Curve through two points

Consider values along a horizontal x-axis ranging from 1 to 100. Suppose at x=1, the y value is given to be y₁=1. Likewise at x=100 the y value is given to be y₁₀₀=100. Now we are to find all the intervening points, $y_2,y_3,\ldots,y_{99}$.Let us use the L₁ criterion  

$$\min_{y_2,y_3,\ldots,y_{99}} \quad \vert y_2-y_1\vert + \vert y_3-y_2\vert + \vert y_4-y_3\vert + \cdots$$ (7)

The solution to this problem is any curve with a positive slope since all such curves result in the same value of 99 for (7) That is quite a lot of curves!

Now we begin to appreciate the strange flavor of L₁. We appreciate the idea that solutions are ``intervals''. But it is distressing to realize that we could often have graphical difficulty displaying the results.
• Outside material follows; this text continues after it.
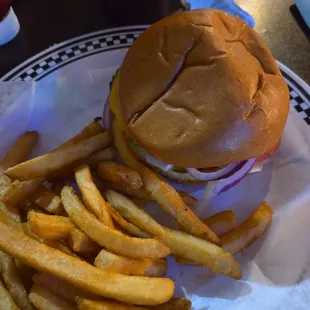 Classic burger with fries.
In practice we might need to settle for ``seeing some examples.'' Perhaps a satisfactory way of generating those examples would be by using random starting values for the fitting.

Suppose we set up the Busch problem with L₁. Perhaps we will find the solution is not a unique surface. It might turn out to be a ``mat'' of variable thickness. It would be annoying to try to display the thickness, but perhaps the thickness is related to the uncertainty of the result. That should have value.